Exercise goal:
In the material below, please retype the lines from the very first through the one with "Cozy office with", exactly and without pictures.

Records for the exercise:
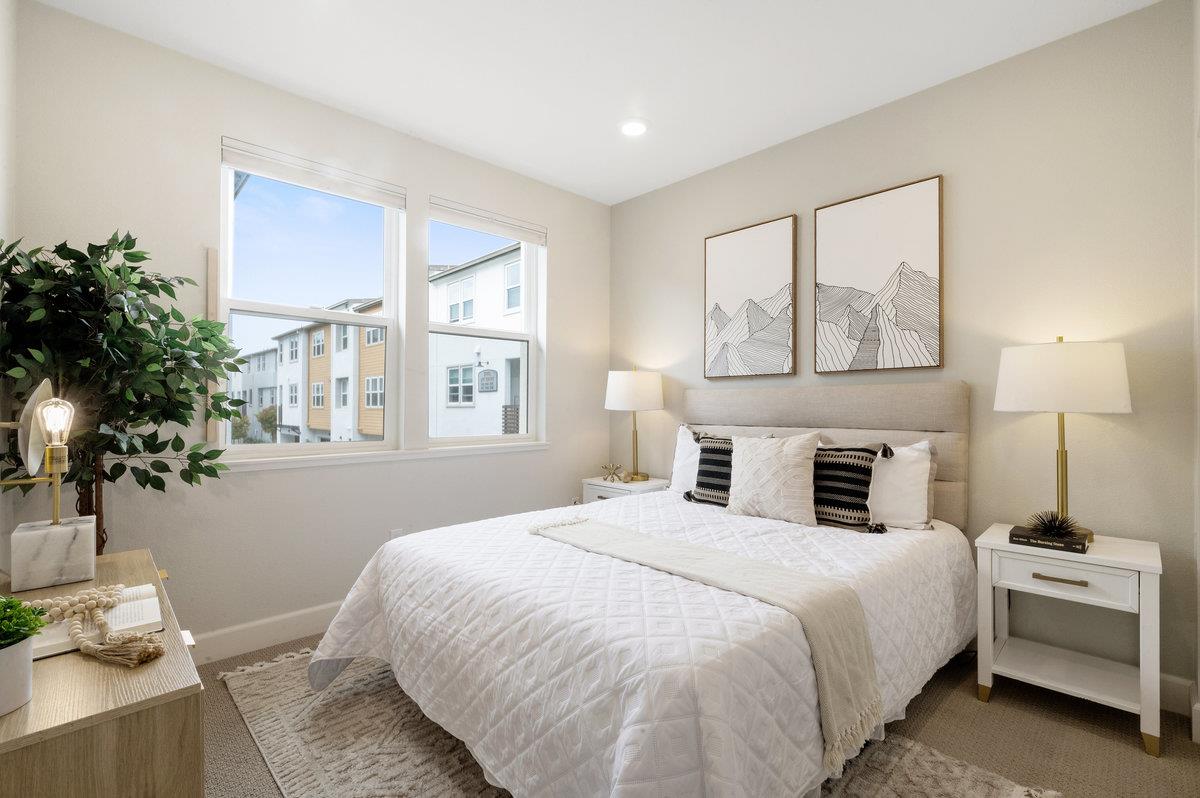 133 Stevenson Boulevard Fremont, CA 94539 - Photo 19 of 36 a bedroom with a large bed and a chandelier fan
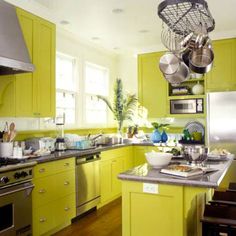 a kitchen with yellow cabinets and stainless steel appliances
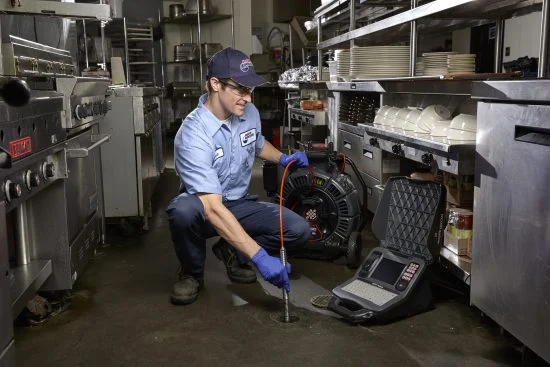 When to Hire a Commercial Plumber tech-mark-video-camera-inspection-in-restaurant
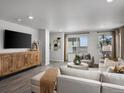 A bright living room with modern decor, stylish furnishing, and sleek wooden floors at 14492 Pansy Loop, Morrison, CO 80465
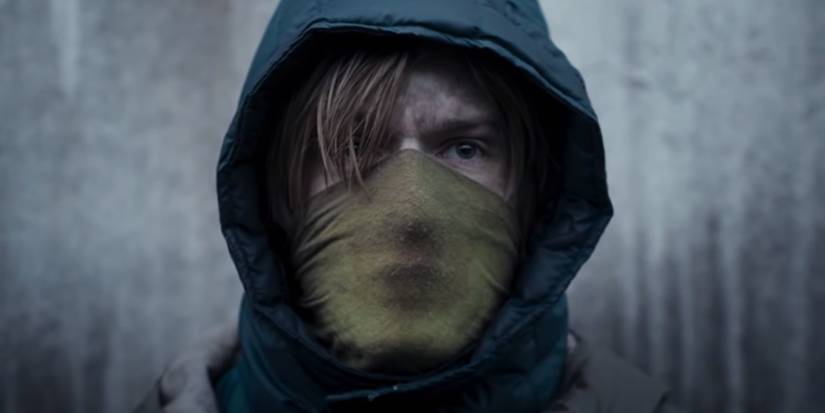 Louis Hofmann like Jonas Kahnwald with a facial mask and with his hood in darkness.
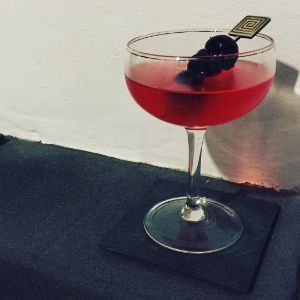 An image of the Rose cocktail submitted by n0tquitethere that contains Dry Vermouth, Kirschwasser, Raspberry Preserve and Cocktail Cherry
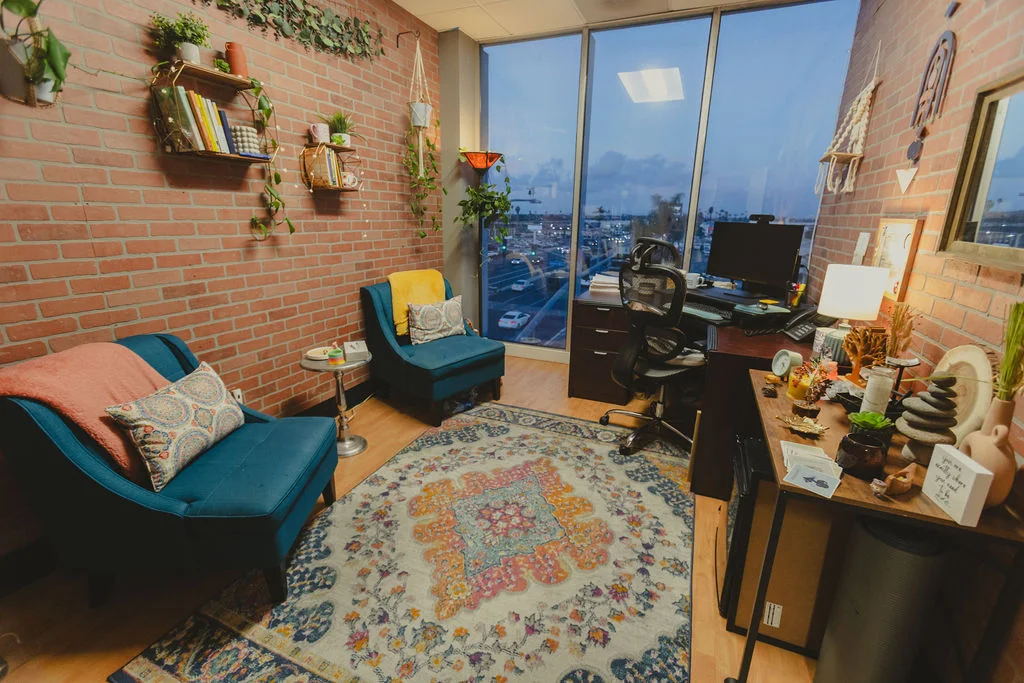 Cozy office with desk, seating, rug, and brick accent wall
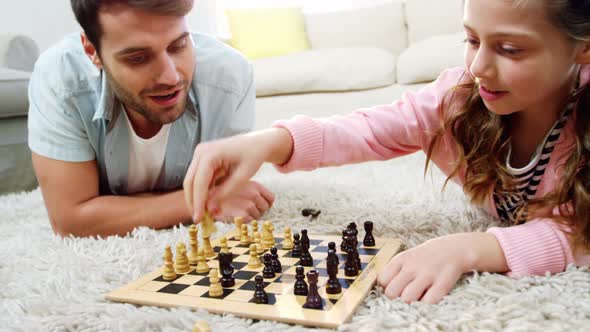 Father and daughter playing chess in the living room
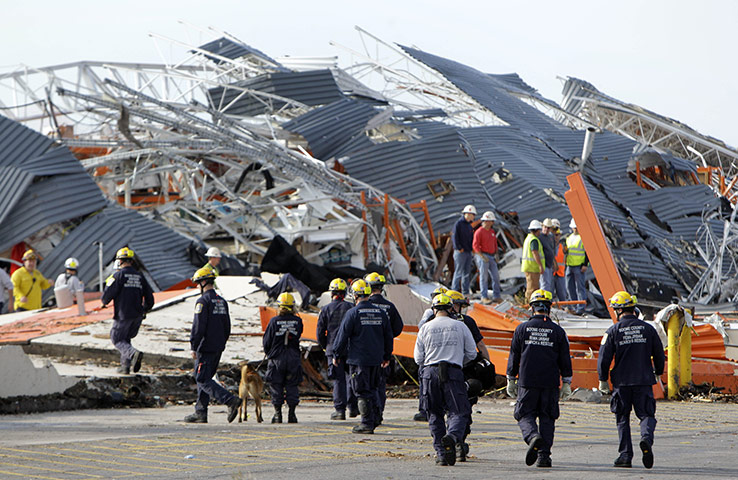 Tornadoes in US: Members of Missouri Task Force One search-and-rescue team work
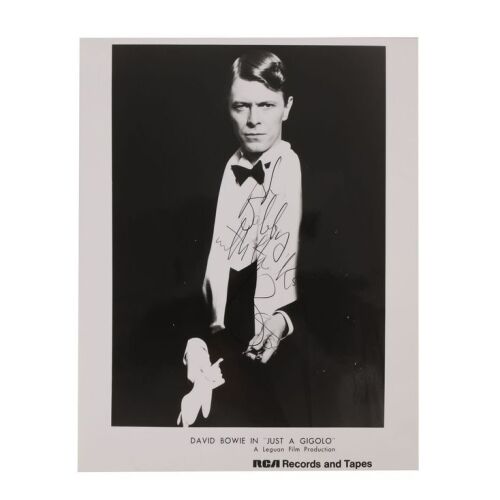 Lot # 470. David Bowie-Autographed Photo ### DAVID BOWIE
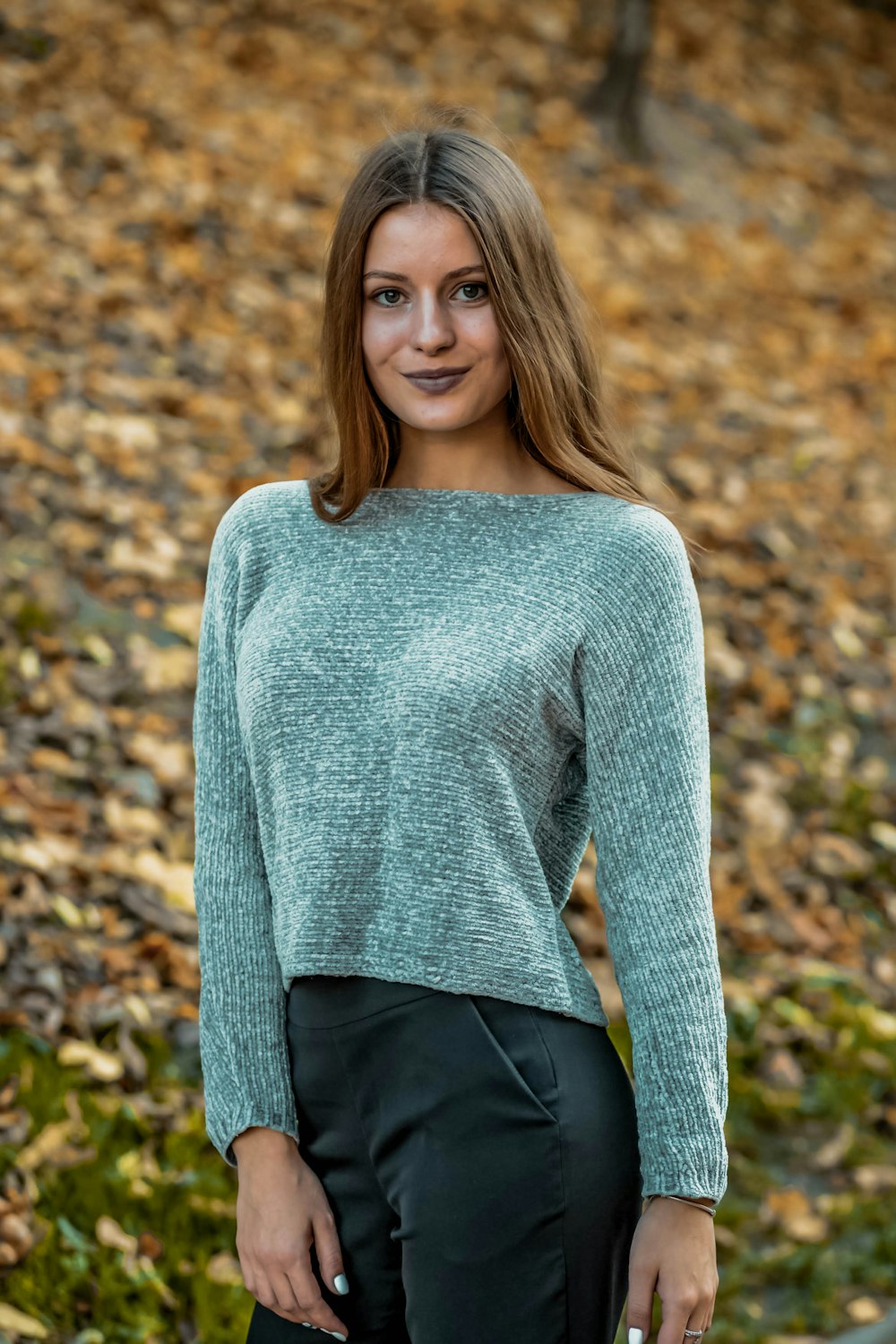 woman in gray sweater and black pants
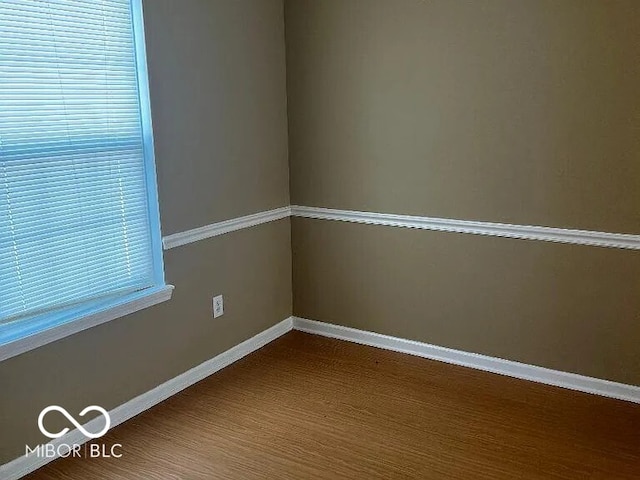 spare room featuring baseboards and wood finished floors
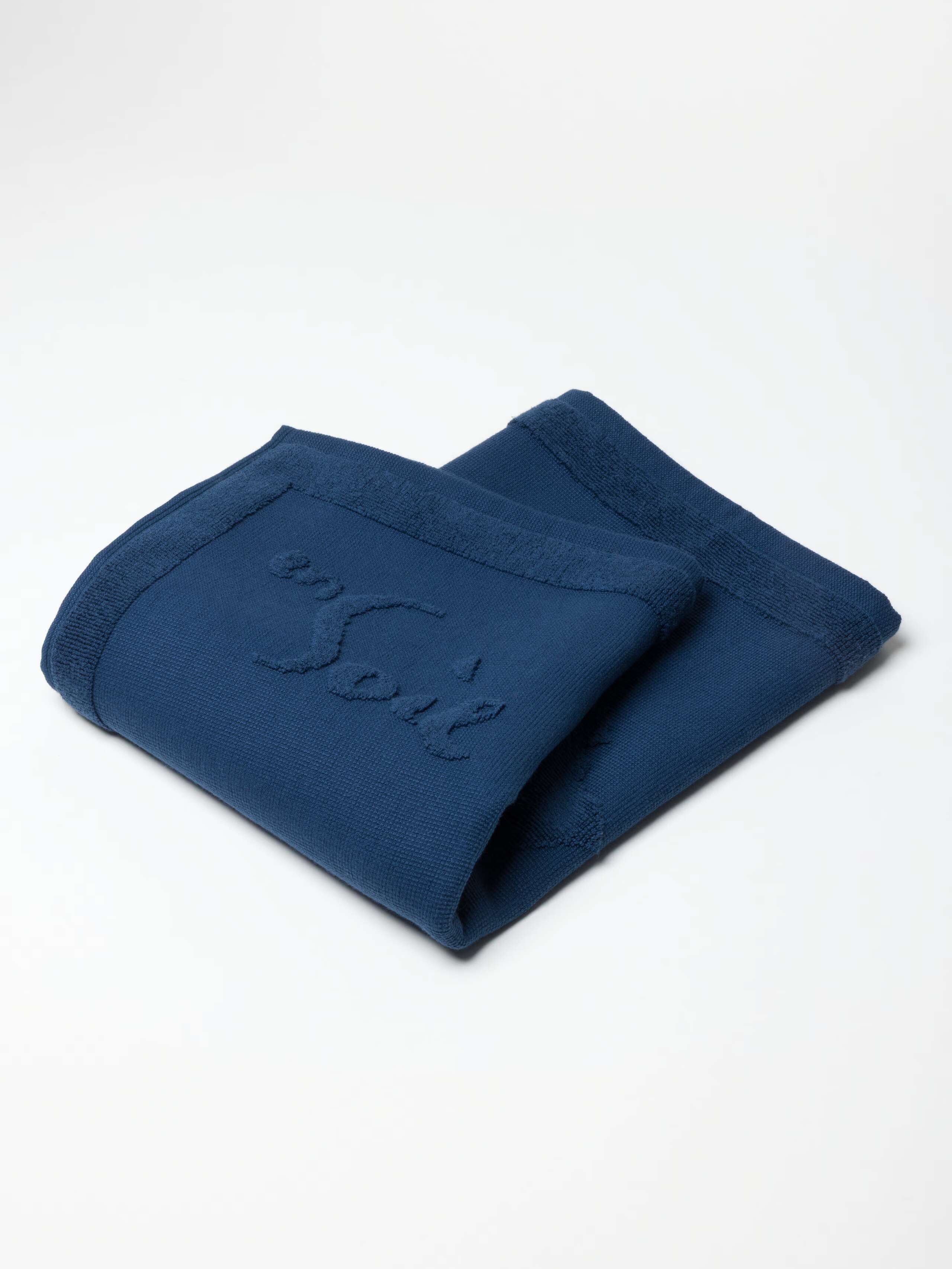 Soft Zurich Navy terry bath mat with rabbits and logo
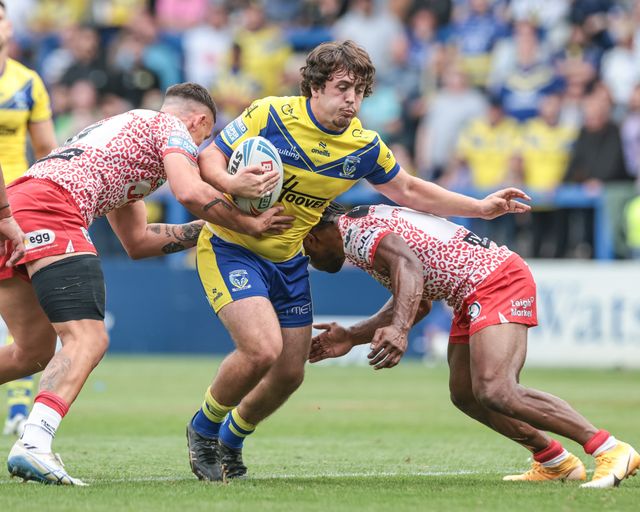 Max Wood of Warrington Wolves is tackled by Edwin Ipape of Leigh Leopards during the Betfred Super League Round 25 match Warrington Wolves vs Leigh Leopards at Halliwell Jones Stadium, Warrington, United Kingdom, 6th September 2025

(Photo by Mark Cosgrove/News Images)
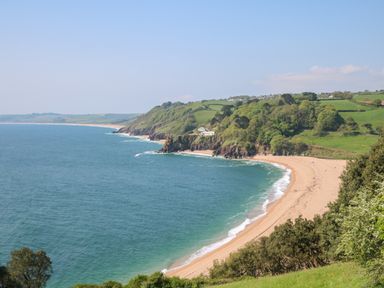 A coastal landscape with a sandy beach and green hills at 418 Norton Park in Dartmouth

Completed task:
 133 Stevenson Boulevard Fremont, CA 94539 - Photo 19 of 36 a bedroom with a large bed and a chandelier fan
 a kitchen with yellow cabinets and stainless steel appliances
 When to Hire a Commercial Plumber tech-mark-video-camera-inspection-in-restaurant
 A bright living room with modern decor, stylish furnishing, and sleek wooden floors at 14492 Pansy Loop, Morrison, CO 80465
 Louis Hofmann like Jonas Kahnwald with a facial mask and with his hood in darkness.
 An image of the Rose cocktail submitted by n0tquitethere that contains Dry Vermouth, Kirschwasser, Raspberry Preserve and Cocktail Cherry
 Cozy office with desk, seating, rug, and brick accent wall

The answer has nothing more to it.